▸ LISTED ENTRIES
•••••

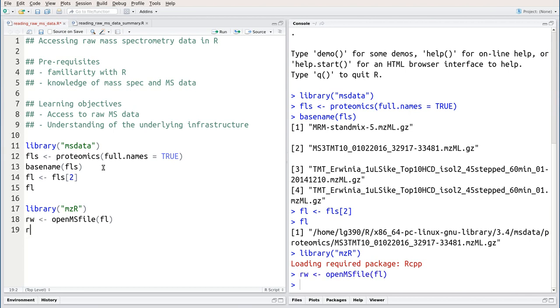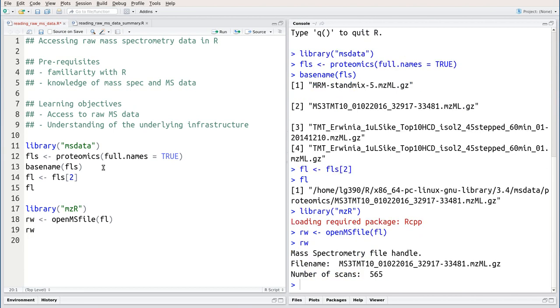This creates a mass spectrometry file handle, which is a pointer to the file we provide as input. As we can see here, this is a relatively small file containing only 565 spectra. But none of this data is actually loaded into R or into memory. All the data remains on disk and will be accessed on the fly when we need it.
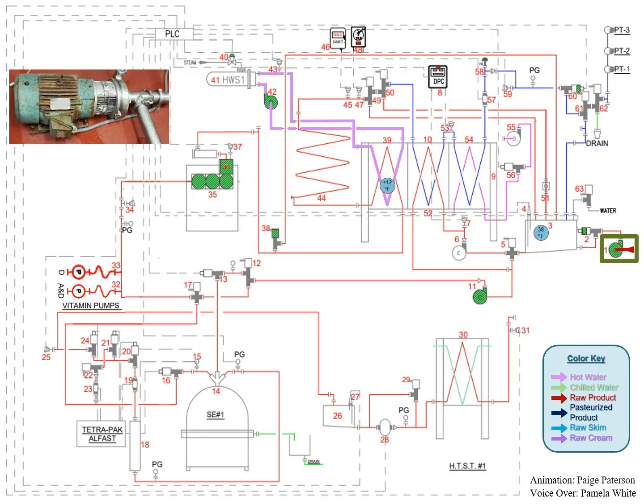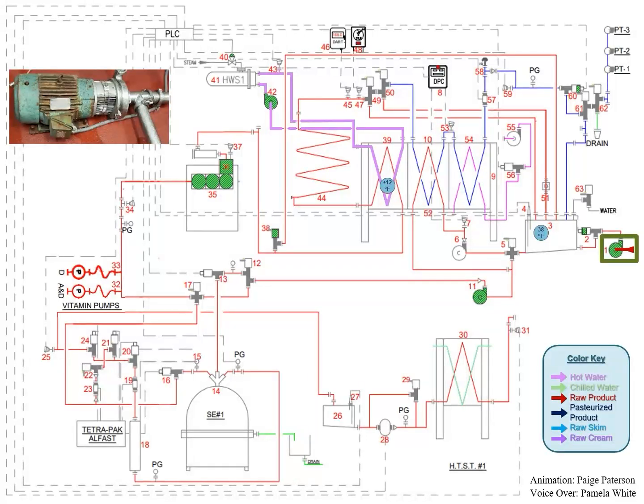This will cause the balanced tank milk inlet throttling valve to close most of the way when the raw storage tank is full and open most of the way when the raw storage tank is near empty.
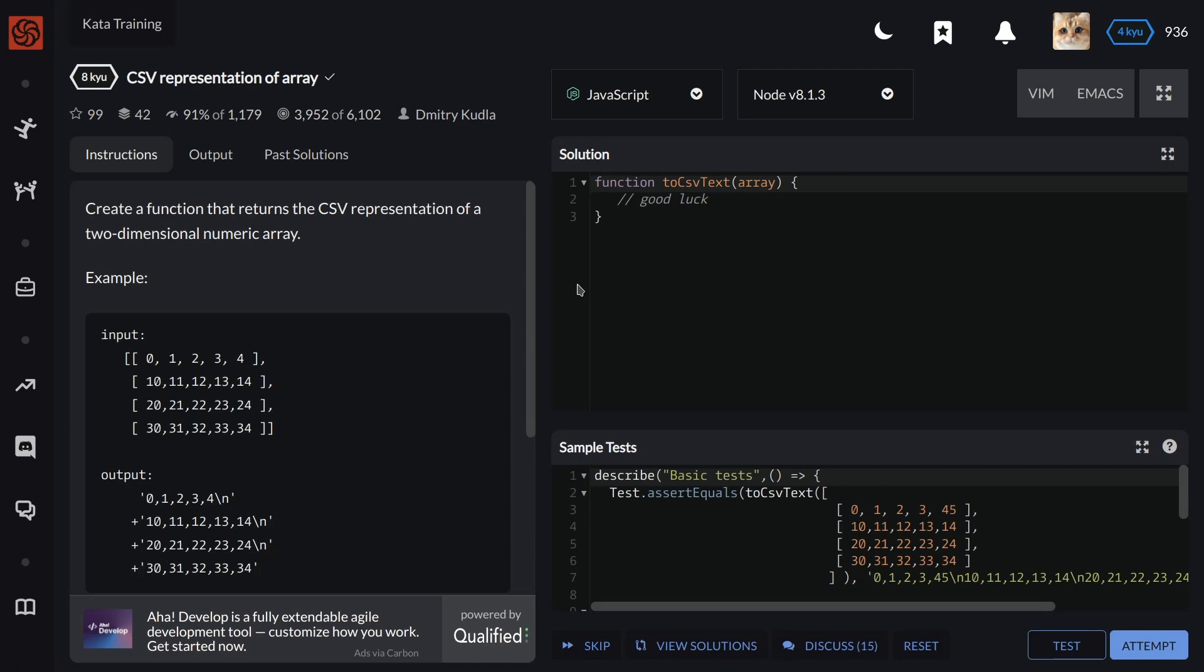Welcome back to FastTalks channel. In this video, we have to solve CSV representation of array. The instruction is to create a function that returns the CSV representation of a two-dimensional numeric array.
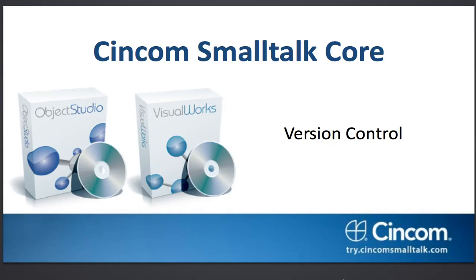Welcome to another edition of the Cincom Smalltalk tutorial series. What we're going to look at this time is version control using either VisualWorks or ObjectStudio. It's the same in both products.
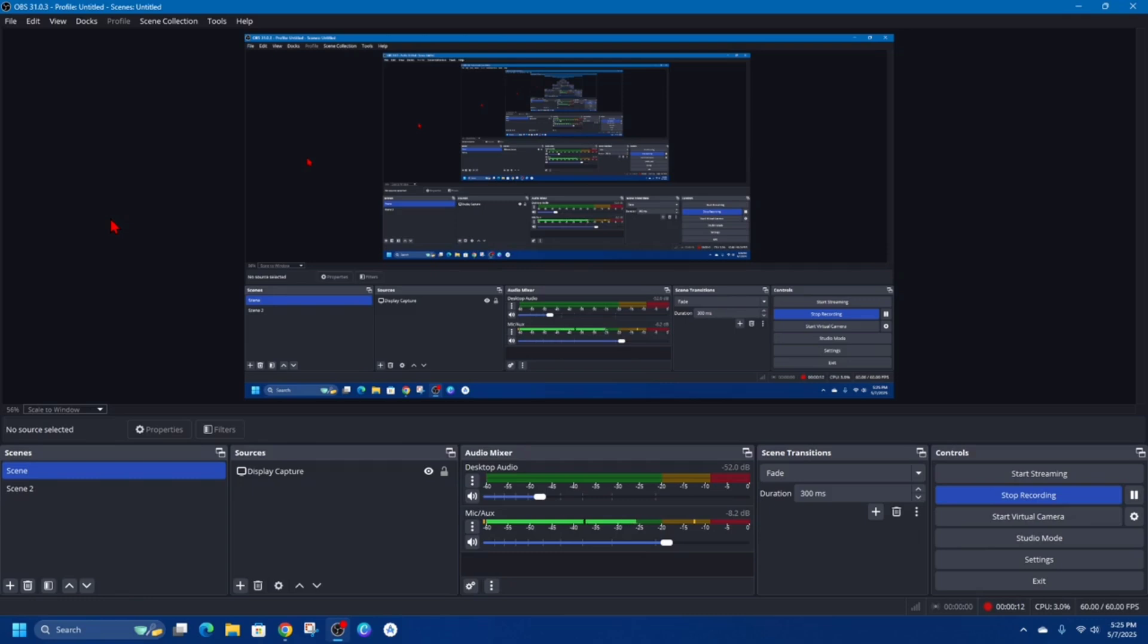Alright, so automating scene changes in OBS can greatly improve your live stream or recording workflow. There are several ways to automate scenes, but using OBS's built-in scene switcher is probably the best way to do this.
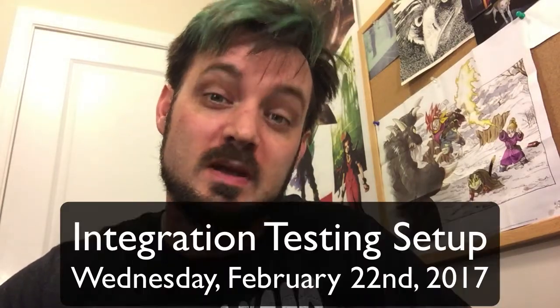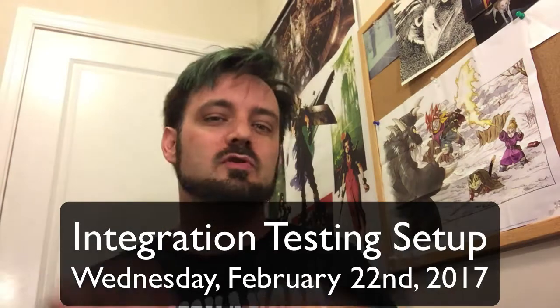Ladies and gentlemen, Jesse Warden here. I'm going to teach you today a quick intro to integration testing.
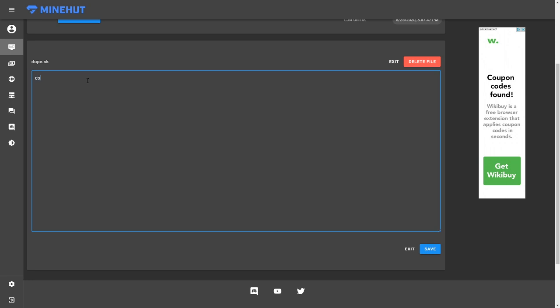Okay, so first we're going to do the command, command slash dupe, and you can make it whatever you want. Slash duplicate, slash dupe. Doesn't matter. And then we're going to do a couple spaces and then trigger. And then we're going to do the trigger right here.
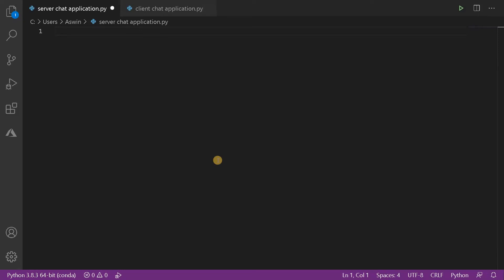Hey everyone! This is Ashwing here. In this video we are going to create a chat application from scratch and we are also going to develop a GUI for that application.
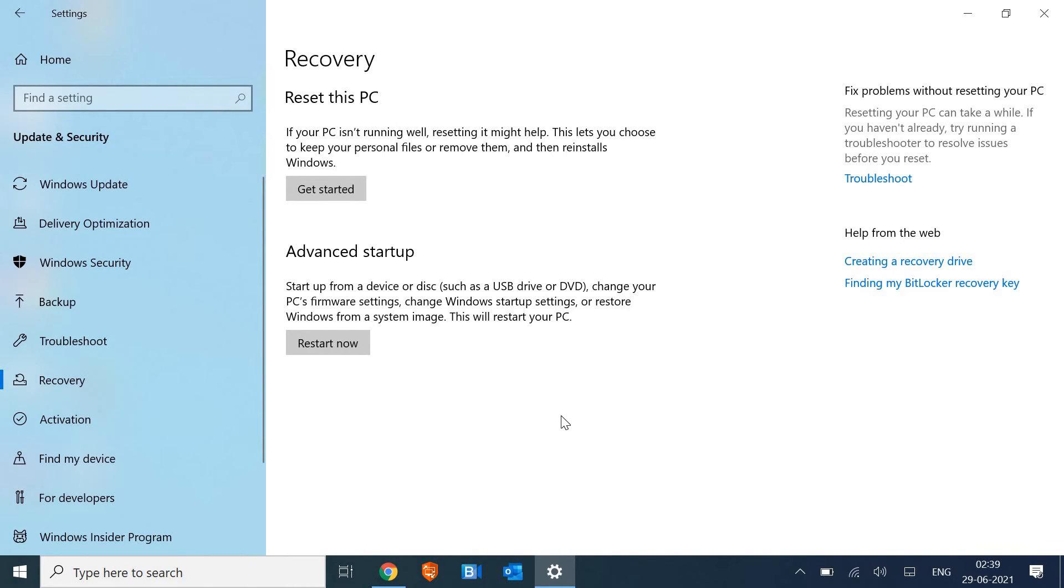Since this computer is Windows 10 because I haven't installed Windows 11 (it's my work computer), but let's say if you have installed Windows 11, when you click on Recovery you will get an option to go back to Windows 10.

•••••

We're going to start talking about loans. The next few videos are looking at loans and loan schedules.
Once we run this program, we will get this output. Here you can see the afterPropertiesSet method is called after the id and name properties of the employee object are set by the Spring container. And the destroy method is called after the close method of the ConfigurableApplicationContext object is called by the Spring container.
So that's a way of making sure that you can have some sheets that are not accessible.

•••••

▸ YOUR ASSIGNMENT
Starting with the line that contains "This will cause" and finishing with the line that contains "Since this computer", reproduce every line of the material above exactly, but not the pictures.

▸ ANSWER BELOW
This will cause the balanced tank milk inlet throttling valve to close most of the way when the raw storage tank is full and open most of the way when the raw storage tank is near empty.
Welcome back to FastTalks channel. In this video, we have to solve CSV representation of array. The instruction is to create a function that returns the CSV representation of a two-dimensional numeric array.
Welcome to another edition of the Cincom Smalltalk tutorial series. What we're going to look at this time is version control using either VisualWorks or ObjectStudio. It's the same in both products.
Alright, so automating scene changes in OBS can greatly improve your live stream or recording workflow. There are several ways to automate scenes, but using OBS's built-in scene switcher is probably the best way to do this.
Ladies and gentlemen, Jesse Warden here. I'm going to teach you today a quick intro to integration testing.
Okay, so first we're going to do the command, command slash dupe, and you can make it whatever you want. Slash duplicate, slash dupe. Doesn't matter. And then we're going to do a couple spaces and then trigger. And then we're going to do the trigger right here.
Hey everyone! This is Ashwing here. In this video we are going to create a chat application from scratch and we are also going to develop a GUI for that application.
Since this computer is Windows 10 because I haven't installed Windows 11 (it's my work computer), but let's say if you have installed Windows 11, when you click on Recovery you will get an option to go back to Windows 10.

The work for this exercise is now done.